Kelima, seorang pemimpin bisa saja dicintai dan tidak dicintai oleh bangsanya, namun selama tidak dibenci maka kekuasaannya akan tetap aman.
Keenam, seorang pemimpin tidak boleh ragu dalam menentukan suatu keputusan. Dia harus memiliki pendirian yang teguh, kuat, serta jelas.
Ketujuh, seorang pemimpin harus mendorong seni kerajinan, perdagangan, dan pertanian di negerinya untuk mencapai suatu perekonomian yang stabil.
Kedelapan, seorang pemimpin harus dapat menghibur rakyatnya dengan tontonan pertunjukan dan memberi suatu penghargaan untuk rakyat manapun yang membela tanah airnya.
Kesembilan, seorang pemimpin harus menghindari sanjungan atau suapan. Hal ini bertujuan untuk menghindari munculnya rasa hutang budi ataupun bias.
Dari kesembilan syarat diatas, Machiavelli percaya bahwa jika seluruh syarat tersebut diterapkan maka seseorang dapat menjadi pemimpin yang ideal dalam memimpin suatu masyarakat dan negara. Secara keseluruhan, Buku "The Prince" ditulis dengan tujuan sebagai pedoman bagi para pemimpin untuk memperkuat kekuasaannya atau untuk seseorang yang ingin mendapatkan suatu kekuasaan. Kemudian Machiavelli juga menjawab pertanyaan yang menjadi dilemma bagi para pemimpin terkait apakah pemimpin seharusnya dicintai atau ditakuti. Didalam bukunya beliau menjawab;
      "...it's best to have both, loved and feared. But if you can't, it's better to be feared than loved..,"
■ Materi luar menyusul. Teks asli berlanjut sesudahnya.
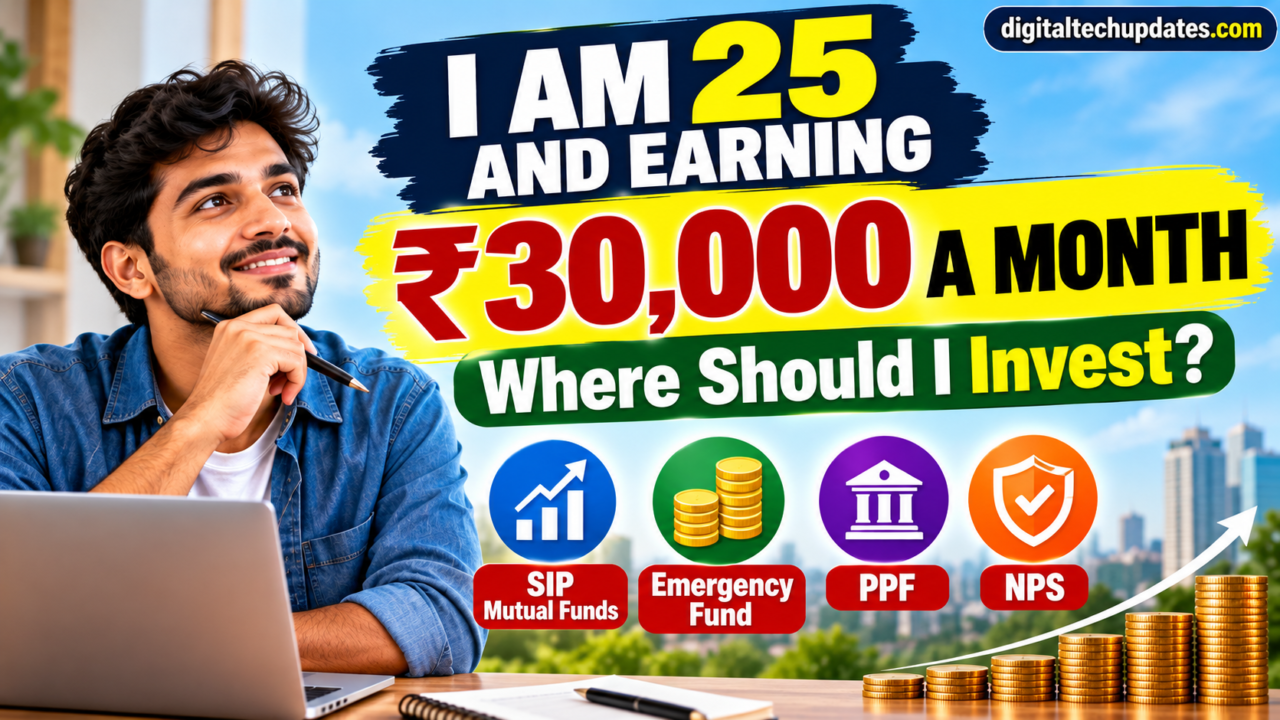 Investment plan for a 25-year-old earning ₹30,000 per month with SIP, PPF, NPS and emergency fund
Setelah terbitnya Buku "The Prince", beliau banyak mendapatkan kecaman sebagai orang yang tidak bermoral dan tidak etis, namun bagi sebagian orang karya Machiavelli tersebut digemari dan bahkan dijadikan pedoman dalam memimpin akibat tepatnya kerealistisan serta kebenaran terhadap kondisi dan keadaan praktik politik di dunia. Hingga sampai sekarang, banyak orang menjadikan buku tersebut sebagai pedoman, tidak hanya sebagai panduan bagaimana menjadi pemimpin yang ideal namun juga untuk melihat dan menilai gaya kepemimpinan seorang pemimpin dunia di era modern ini.Â
Namun dewasa ini, gaya kepemimpinan Machiavellian sering kali dilabeli sebagai gaya kepemimpinan yang ototriter. Beberapa pemimpin yang memiliki gaya kepemimpinan otoriter seperti Donald Trump, Barack Obama, Vladimir Putin, dan lain sebagainya sering kali diucap-ucap sebagai "The Prince" masa kini. Dari beberapa nama pemimpin yang disebutkan diatas, Presiden Cina, Xi Jinping dengan gaya kepemimpinan nya juga memiliki potensi untuk menjadi "The Prince" masa kini.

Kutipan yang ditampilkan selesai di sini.